_Exercise requirements_
Your reply should reproduce the data below without a single alteration, apart from dropping the images.

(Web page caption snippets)
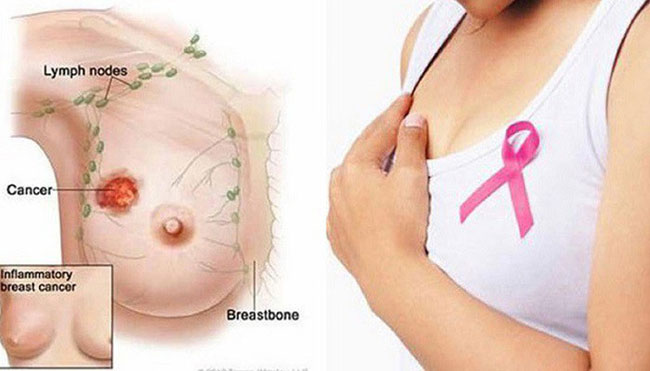 Kỳ lạ phương pháp điều trị ung thư vú bằng 1 phần cơ thể - 1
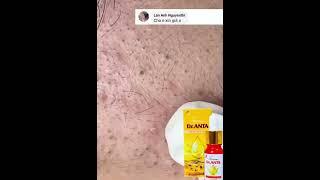 nó đây rồi #trùm trị mụn Kim Thúy #antaski #dranta #nanmun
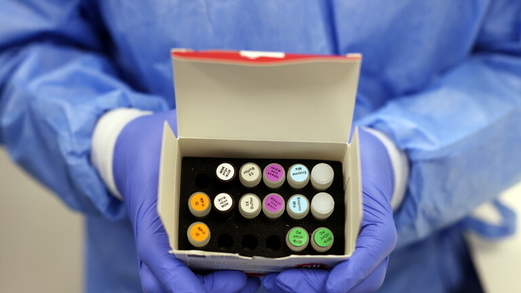 بدء اختبارات اللقاح الهجين بين “سبوتنيك V” و”أسترا زينيكا”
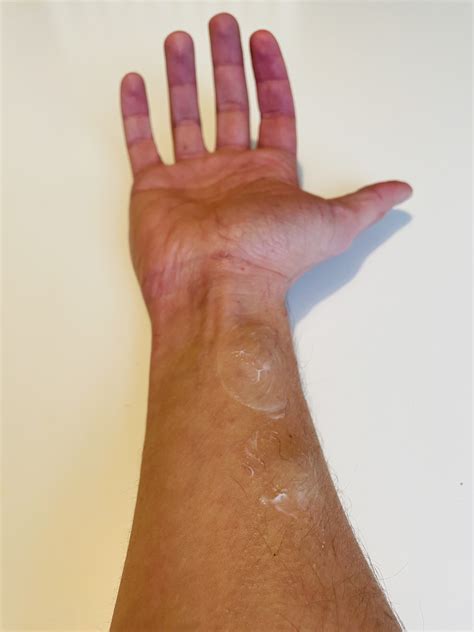 Lipom Creme – Behandlung mit "Lipoma Cream" | Teil 1 – Anleitung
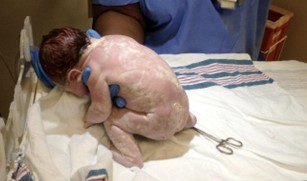 Newborn covered in vernix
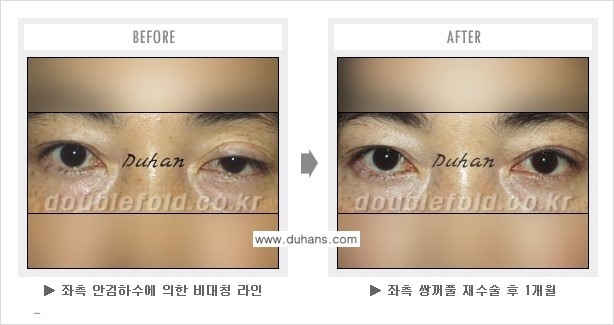 [두한성형외과 쌍꺼풀 재수술] - [피부 여유분이 부족해서 토안증이 발생한 경우] 관련 이미지 1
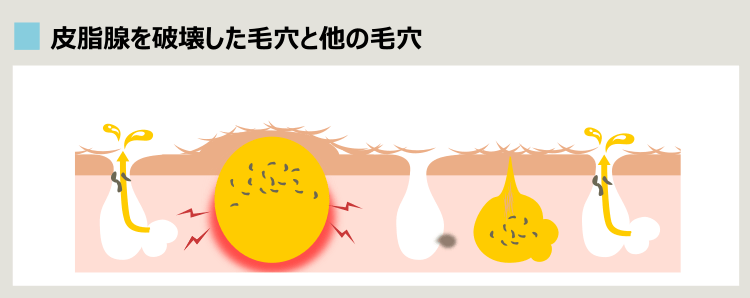 皮脂腺凝固法やアグネス治療の効果が出た毛穴と治療してない毛穴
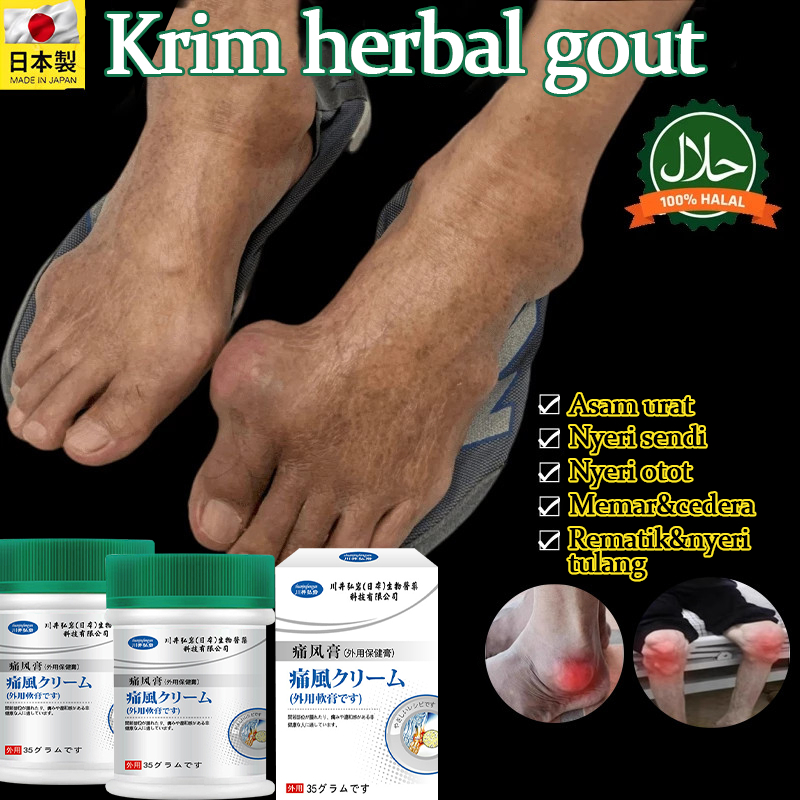Barang asli obat asam urat - Salep asam urat 35g Radang kandung urat Sendi bengkak dan nyeri Salep a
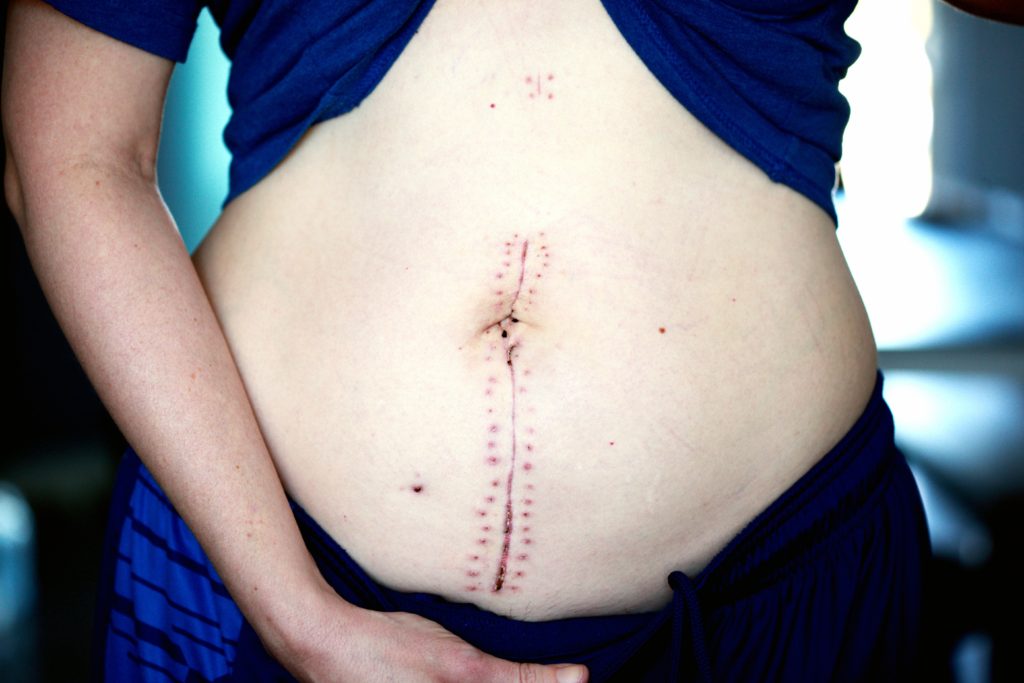 c-section recovery scar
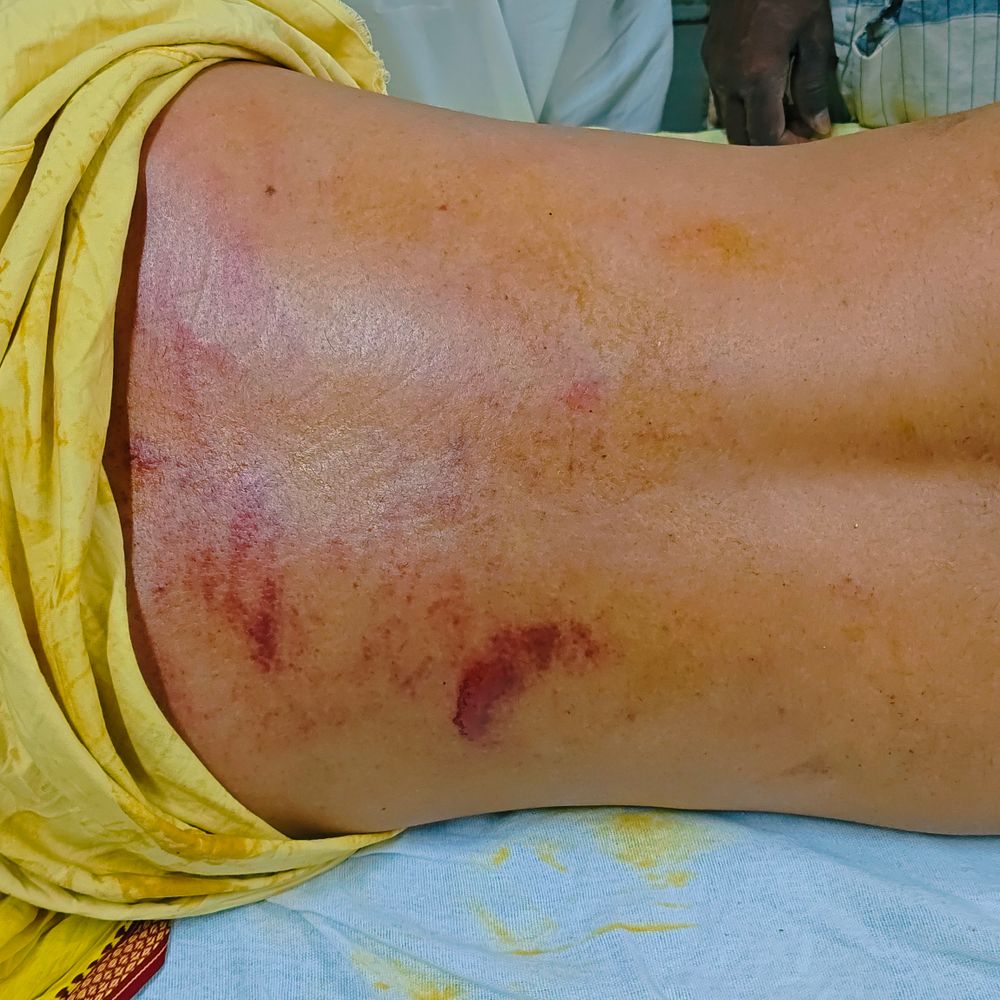 टहेटा स्टेशन पर युवक पर 10-15 बदमाशों का हमला:मखदुमपुर से घर लौटते समय घेरकर पीटा, गंभीर घायल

_The answer_
 Kỳ lạ phương pháp điều trị ung thư vú bằng 1 phần cơ thể - 1
 nó đây rồi #trùm trị mụn Kim Thúy #antaski #dranta #nanmun
 بدء اختبارات اللقاح الهجين بين “سبوتنيك V” و”أسترا زينيكا”
 Lipom Creme – Behandlung mit "Lipoma Cream" | Teil 1 – Anleitung
 Newborn covered in vernix
 [두한성형외과 쌍꺼풀 재수술] - [피부 여유분이 부족해서 토안증이 발생한 경우] 관련 이미지 1
 皮脂腺凝固法やアグネス治療の効果が出た毛穴と治療してない毛穴
Barang asli obat asam urat - Salep asam urat 35g Radang kandung urat Sendi bengkak dan nyeri Salep a
 c-section recovery scar
 टहेटा स्टेशन पर युवक पर 10-15 बदमाशों का हमला:मखदुमपुर से घर लौटते समय घेरकर पीटा, गंभीर घायल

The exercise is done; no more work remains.